Collected data:
○ ○ ○

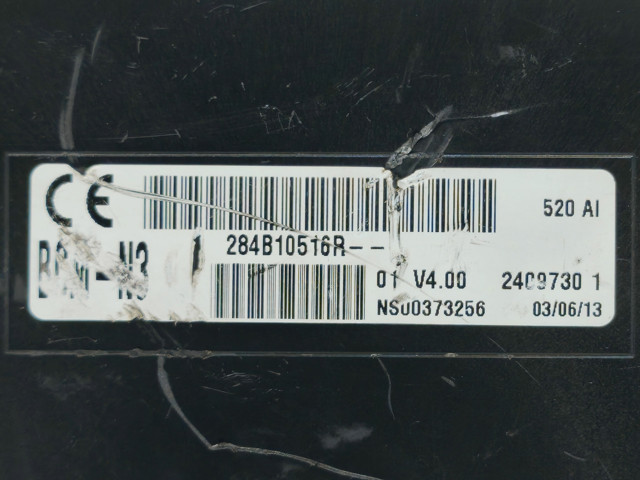 RENAULT 284B10516R Блок комфорта в наличии Николаев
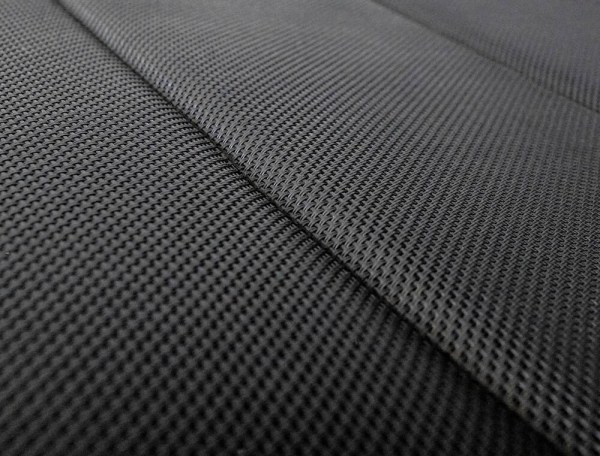  ZWC-235 zahradní polohovací křeslo hliníkové - černá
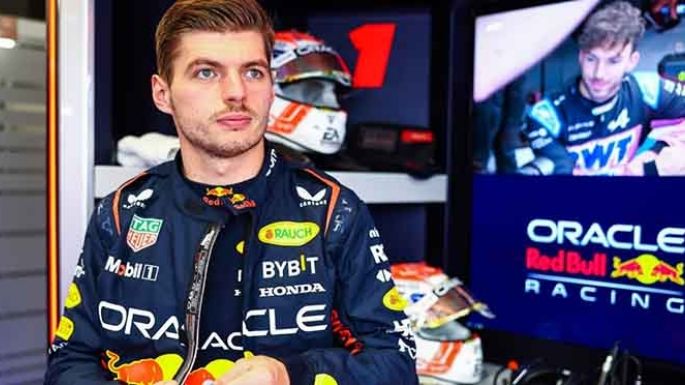 Multan al bicampeón Verstappen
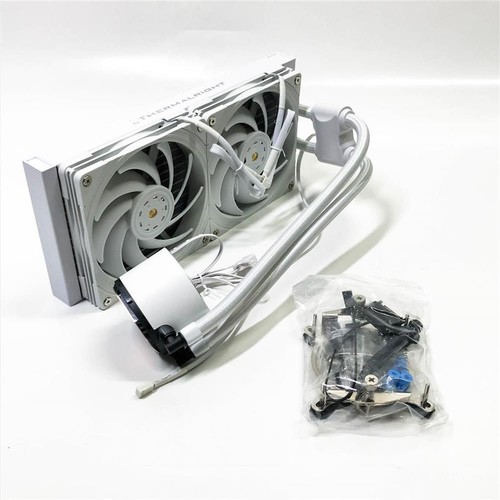 Thermalright Frozen Magic 280 SCENIC V2 Wasserkühlung CPU-Kühler, 280 White - 第 1/7 張圖片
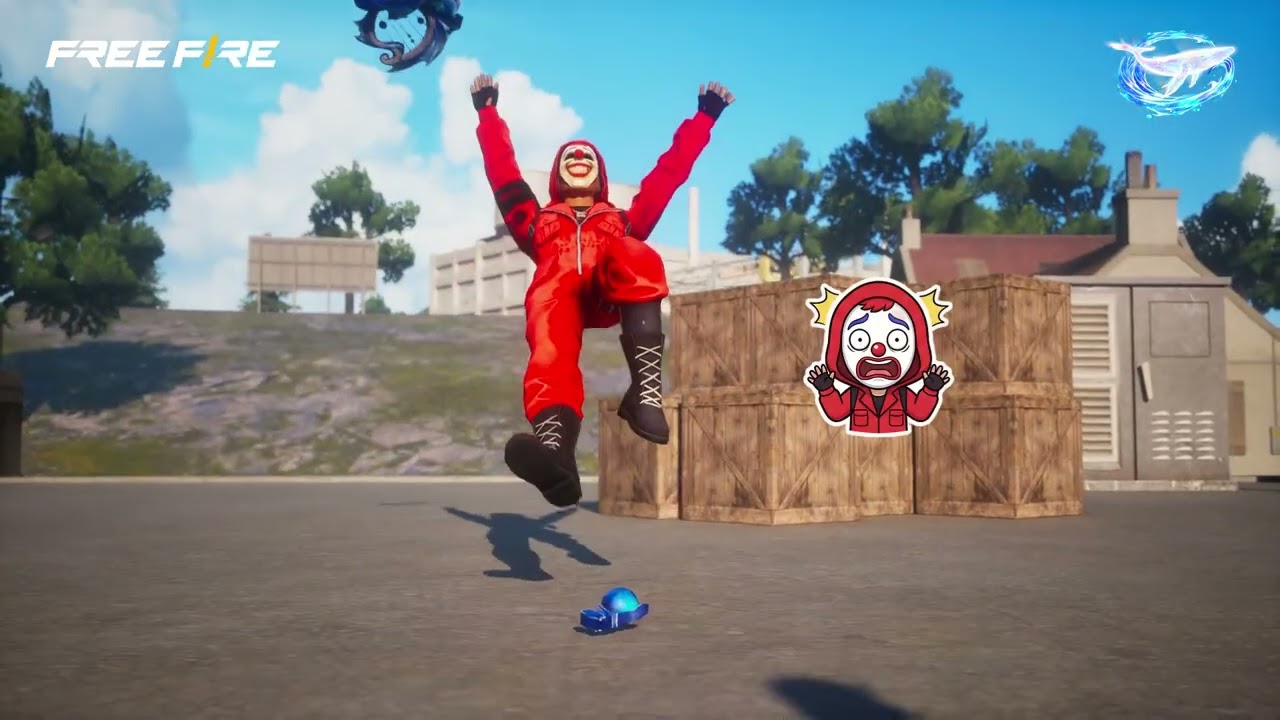 KELLY VS SQUAD: SEGREDO DOS MARES | FREE FIRE BRASIL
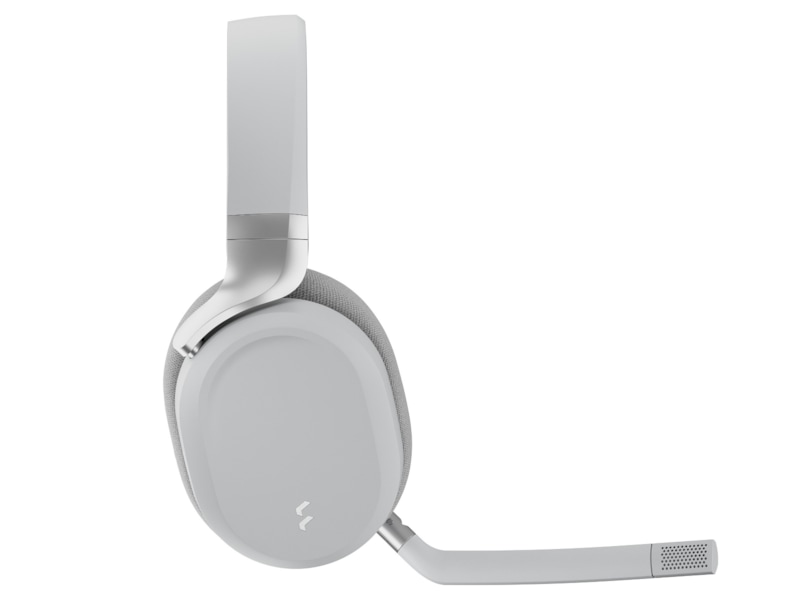 Fractal Design Scape trådløst gamingheadset (hvid) Gamingheadset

○ ○ ○

TASK TO COMPLETE:
All lines from the start of the entries above through the line containing "KELLY VS SQUAD: SEGREDO" are to be given again exactly; the pictures are not.

EXERCISE RESPONSE:
 RENAULT 284B10516R Блок комфорта в наличии Николаев
  ZWC-235 zahradní polohovací křeslo hliníkové - černá
 Multan al bicampeón Verstappen
 Thermalright Frozen Magic 280 SCENIC V2 Wasserkühlung CPU-Kühler, 280 White - 第 1/7 張圖片
 KELLY VS SQUAD: SEGREDO DOS MARES | FREE FIRE BRASIL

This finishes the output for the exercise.